確かに、俺の推しが四月一日さんの姉では、四月一日さんが正気でいられるかはわからない。
でもそんな事ってある?
推しがクラスメイトの姉って、そんな事ある?
本人とかならラブコメあるあるかもしれないけど。
コスプレ衣装に身を包んだ四月一日さんが、不安げに腕を絡めてくる。
待って、汗だくだよ。お互いに。気にならないの?
「驚きましたけど、推しは推しであって、偶像の崇拝とかそういうもんですよ。」
何をどう言い訳しているのかわからん、そもそもなぜ言い訳をしなければいけないのかもわからん。
アイドルとか歌手とか絵描きが好き、そういうのと変わらないよ?
「ちょうど人もはけてきたし、こっちに入りなよ。もう広場での撮影は良いんでしょ?」
既に14時は過ぎていたし、確かにまたあの灼熱のコスプレ広場に行く勇気はない。
親父から借りた一眼で撮影はあらかた済んだし。
データは後でそのまま四月一日さんに渡す事になっている。
「まぁ、私も口止めはされていたから、車の中ではそういう話は避けてたんだけどね。」
同乗者のお姉さんが言う。
他のサークルメンバーは、順番でスペースを回っているのか今は姿がない。
残念ながら既に新刊であるROMは売り切れているようで完売の文字が。グッズはいくらか残ってるけど。
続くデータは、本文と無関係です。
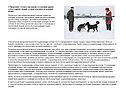 Приучение собаки к прогулкам в компании других собак и других людей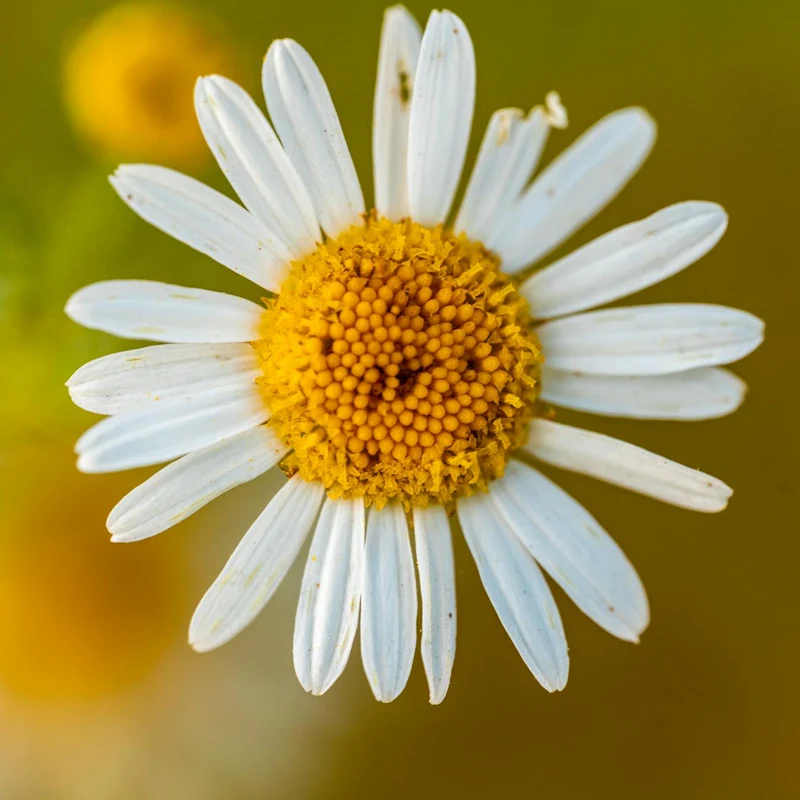 Chamomile Flower — natural source material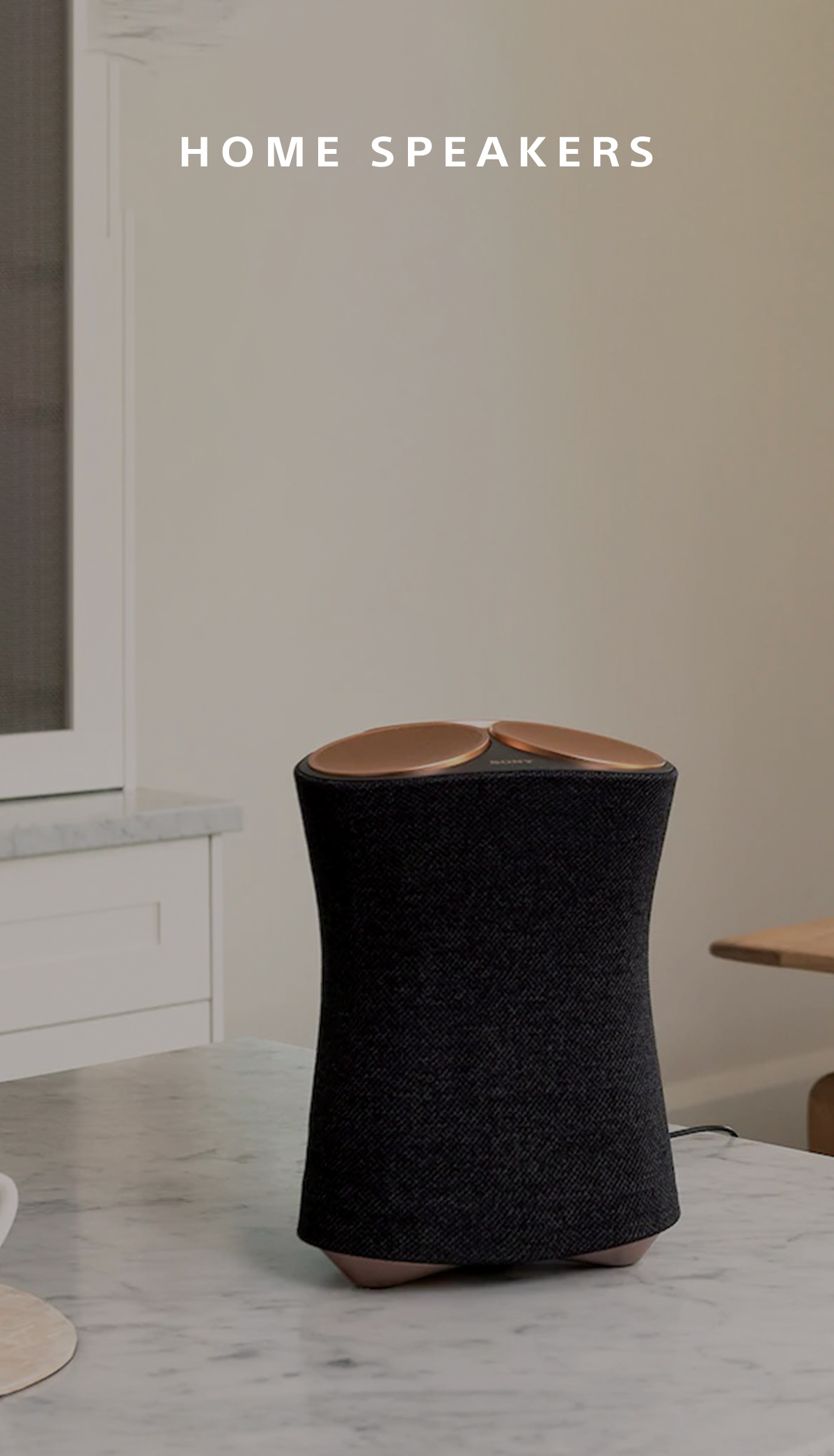 HOME SPEAKERS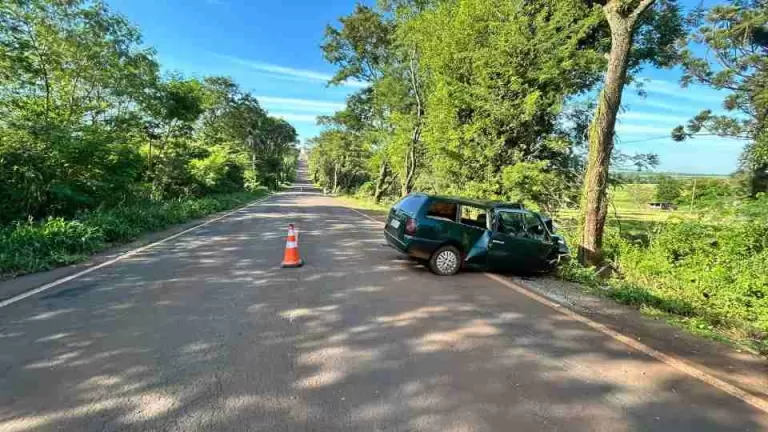 Mulher fica gravemente ferida após carro bater contra árvore na PR-497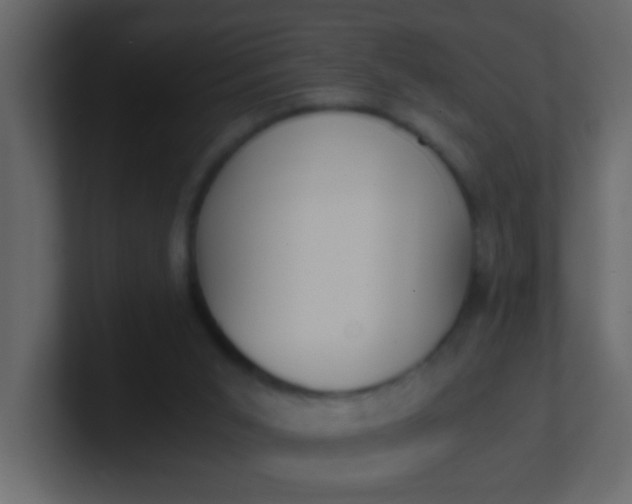 X0000101110015200807101519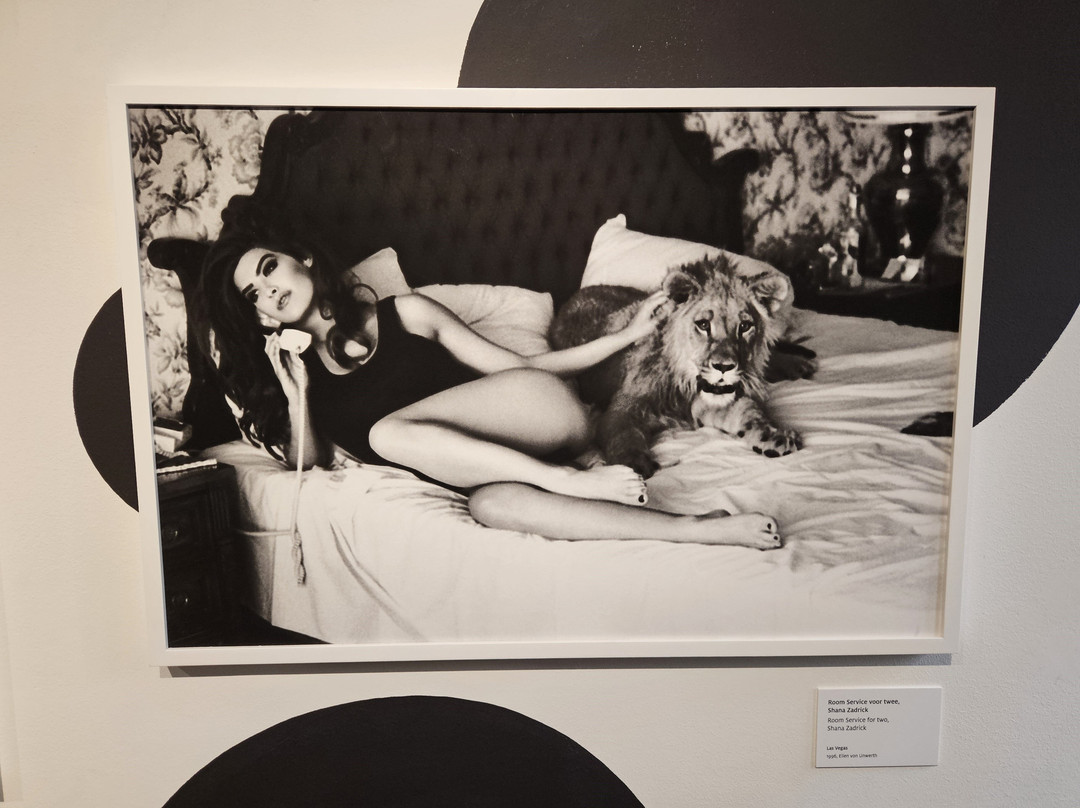 Fotomuseum aan het Vrijthof-马斯特里赫特必去景点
いくつ部数持ってきたのかはわからないけど、完売ってすごくね?
って俺買えなくね?
「それはそれとして、ハイ。本来は買いに来たんでしょ?」
「そうですけど、完売って。」
「身内用にいくつか取っておいてるのよ。あ、もちろんお金はいただくよ。これがどういう意味かはわかるよね。」
身内用に取っていた分、所謂取り置き分。
知り合いのサークルとか、仲のいいサークル、隣のサークルに配ったり売ったり交換したりする分だ。
これをタダでくれてしまうと、身内として四月一日穂寿美ではなく、姉寄りとなってしまう。
売買であれば、それはクリエイターと客という図式が辛うじて保たれる。
取り置き分だから、それでもかなり優遇ではあるけれど、節度は守るよという事である。
それと、さっき腕を絡まれてからずっと四月一日さんは引っ付いている。
正直暑いし熱いんだが……
それを声に出すことはしない。
結局新刊のコスROMと新グッズを購入させていただいた。
抱き枕カバーだけは遠慮した。金額が高校生にはきついのと、未だに引っ付いて無言を貫く四月一日さんが不憫で。
なんだか四月一日さんが小学生低学年の妹みたいな感覚になってるんだ。
兄からは絶対に離れません的な感じで。
宥めるの大変そうなんだよ。
ってなんで俺がそういう悩みを抱かなければならないのか、全くわからないんだけど。
「ほら、四月一日さん。そろそろ……」
気が付けば15時を回り、あと30分もしないうちに更衣室云々のアナウンスが流れてくる時間となる。
撮影も終わったし、巡りたいサークルも他にはないため、帰り支度も考えなければならない。
無言の四月一日さんの対応に困った俺は、最終手段の着替えを促すに至ったのだ。
辛うじて頷いた四月一日さんに安堵を得て、立ち上がろうとした瞬間、正面から聞いた事のある声がしてくる。
「あ、真宵。なんで……」
新たな修羅場の予感しかしなかった。
ぷちめろんさんのスペースの前には、俺の作成した衣装を纏った掛布雅の姿があった。